▶ Raw data:

*** Begin section ***

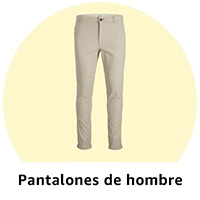 Pantalones para hombre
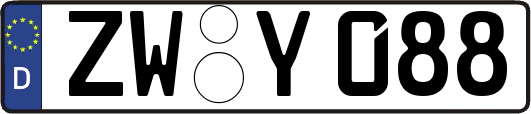 ZW-Y088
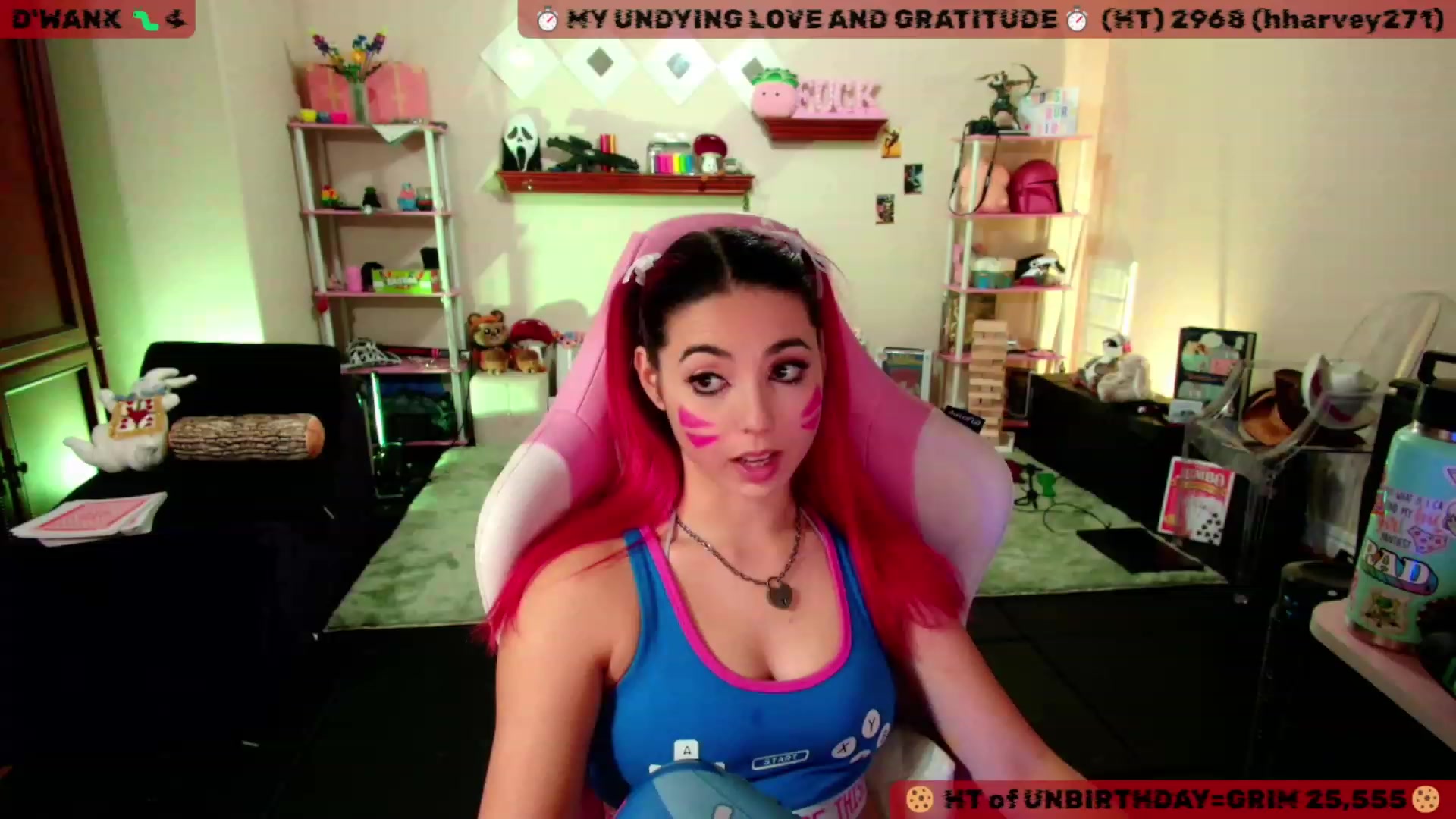Gallery image thumbnail from JessWhitmore's myfreecams stream on, 11/16/2023, 06:59 image 7 of 20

*** End section ***

▶ To do: With the pictures removed, write the listing out word for word.

▶ Written response:
 Pantalones para hombre
 ZW-Y088
Gallery image thumbnail from JessWhitmore's myfreecams stream on, 11/16/2023, 06:59 image 7 of 20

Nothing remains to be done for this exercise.